La violencia simbólica no es nueva, pero en la era digital se amplifica y se normaliza. Antes se escondía en frases condescendientes o en gestos que reducían la autoridad femenina a una cuestión de temperamento. Hoy circula a través de publicaciones, memes o emojis que refuerzan prejuicios de género y moldean la opinión pública. En este nuevo escenario de confrontación, ya no se debaten políticas ni resultados, sino personalidades. La política se libra tanto en los recintos de poder como en los algoritmos.

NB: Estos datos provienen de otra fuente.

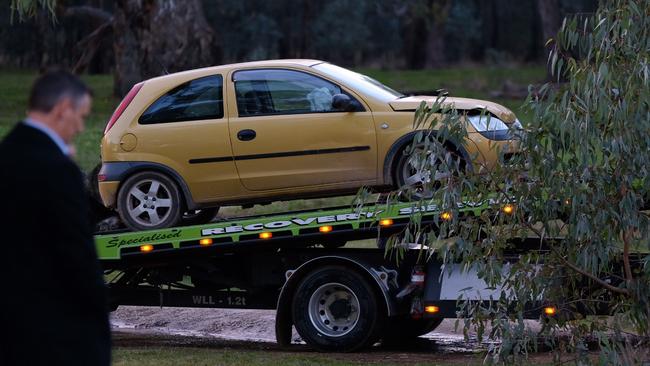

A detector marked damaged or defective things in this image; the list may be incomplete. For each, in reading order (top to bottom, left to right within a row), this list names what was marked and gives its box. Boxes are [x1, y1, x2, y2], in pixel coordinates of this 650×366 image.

damaged yellow car [97, 60, 520, 232]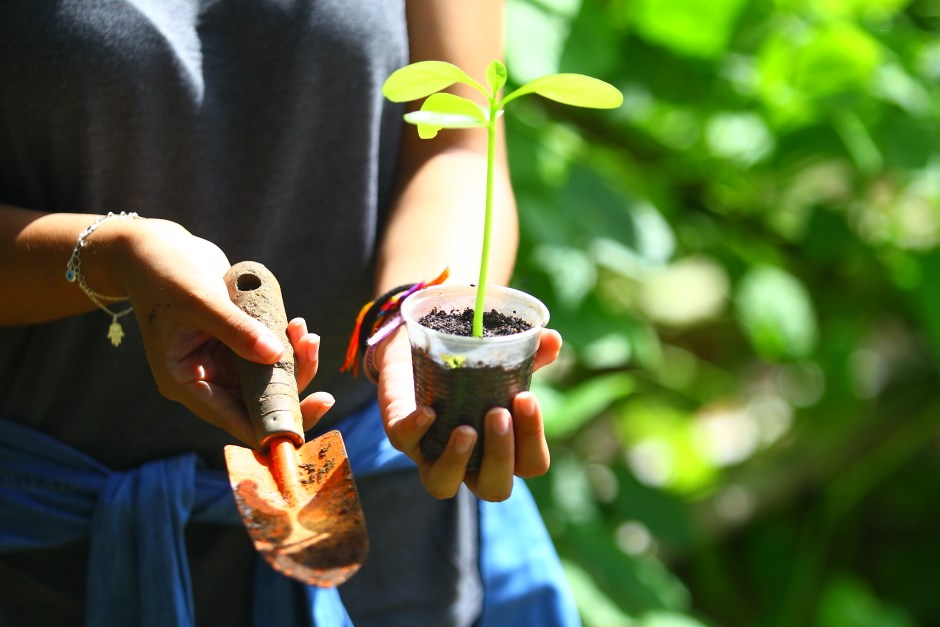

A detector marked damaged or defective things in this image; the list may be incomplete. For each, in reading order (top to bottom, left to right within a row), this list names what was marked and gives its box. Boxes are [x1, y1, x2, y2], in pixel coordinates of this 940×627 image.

rusty trowel blade [222, 430, 366, 588]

Lo que en los hombres se interpreta como carácter o firmeza, en las mujeres suele leerse como soberbia o autoritarismo. La misma narrativa que durante siglos justificó su exclusión del espacio público por ser “emocionales” o “irracionales” reaparece disfrazada de análisis político. No es casualidad: la estigmatización del carácter femenino se ha convertido en una estrategia recurrente para minar la legitimidad de las mujeres en el poder.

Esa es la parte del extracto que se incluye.